The workers, who gathered under the aegis of the Academic Staff Union of Polytechnics, Non-academic Staff Union and Senior Staff Association of Nigeria Polytechnics, barricaded the entrance into the Edo State Government House on Tuesday, February 20, 2018.
According to Punch, they demanded an audience with Godwin Obaseki, the governor of Edo State, and vowed to continue the protest until their grievances were addressed.
The protesting workers decried what they described as the alleged non-implementation of the 65 years retirement age for personnel of the polytechnic and absence of a pension scheme since 2002.
They also lamented that the institution had allegedly been starved of funds, while it lacked basic infrastructure for teaching and learning.
Obaseki had in August 2017, inaugurated a committee of inquiry to investigate the management of the polytechnic in the areas of funding, admission and staffing, as part of efforts to revamp the institution.
While receiving the report of the committee, led by Rose Egonmwan, in November 2017, Obaseki had said, “We do need a state-owned polytechnic in Edo. But it should function the way it ought to.
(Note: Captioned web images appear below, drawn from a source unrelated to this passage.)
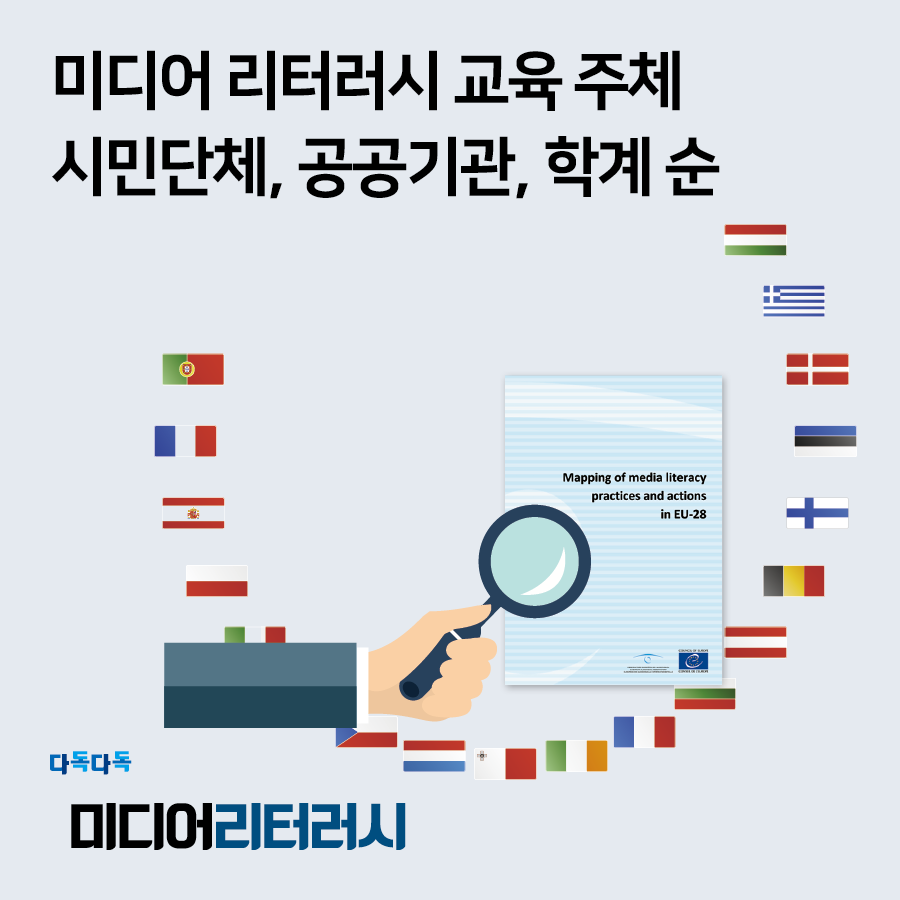 7월 5주차-8월 1주차 썸네일3.png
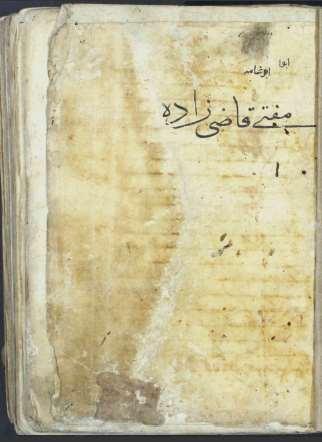 تحميل كتاب إبراز المعاني في شرح حرز الأماني 48 PDF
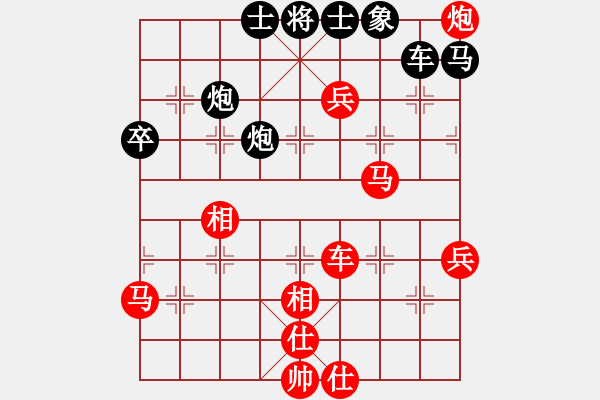 象棋棋譜圖片：馮金貴 先勝 王晟強 - 步數(shù)：60 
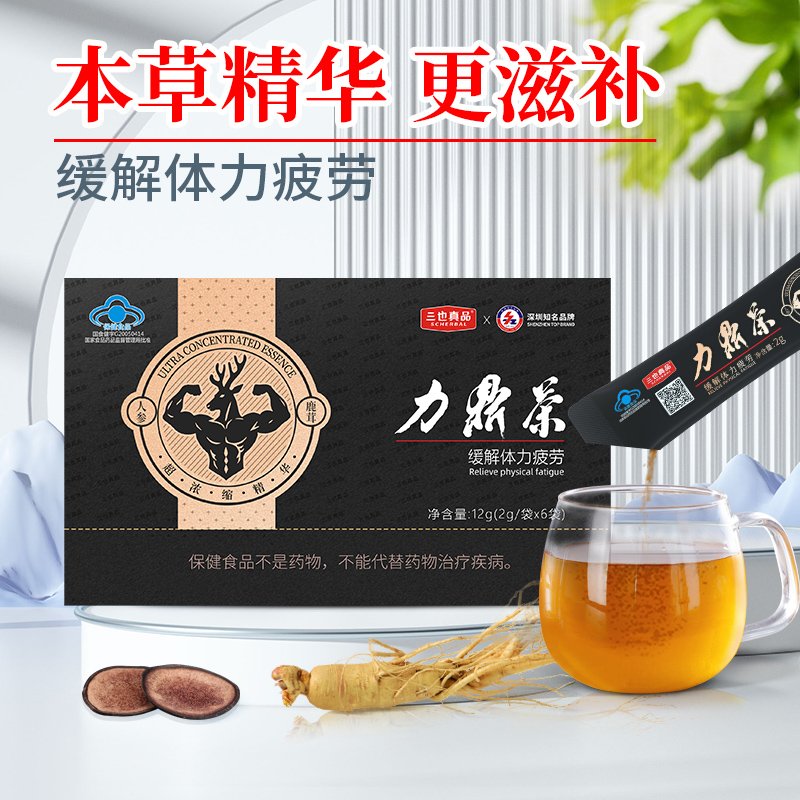 力鼎茶黑盒6袋装(新包装)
We need to have the right people and the requisite faculties to deliver quality education, so that our children will have right training.”
But Paul Aziegbemhin, the chairman of ASUP in the institution, said the workers had yet to see any improvement in their welfare.
Aziegbemhin said, “We have not heard anything from the government so far. We have been on this issue since May 2, 2017. We met with the governor and he said he would pay before December 25, 2017.
“As we speak, there has not been any payment. So, why will people not be restive? If we are not attended to by the government, we will come back tomorrow. We will resume and close work here at the Government House.”
Dele Okomayin, the chairman of SSANIP in the Polytechnic, and his NASU counterpart, Charles Omokaro, said the alleged failure of the government to pay the outstanding benefits had subjected the affected workers to hardship.
Okomayin said, “Right now, most of us find it difficult to feed. Most of us have taken our children away from private to public schools.
“Even in the public schools, we find it very difficult to buy the things our children need. We lost one of our members in May 2017 and he is still in the mortuary; he has not been buried because of this financial problem.
“We are begging the governor to fulfil his promise. We are begging the governor to include us in the bailout funds, so that the students can enjoy the benefits of education.”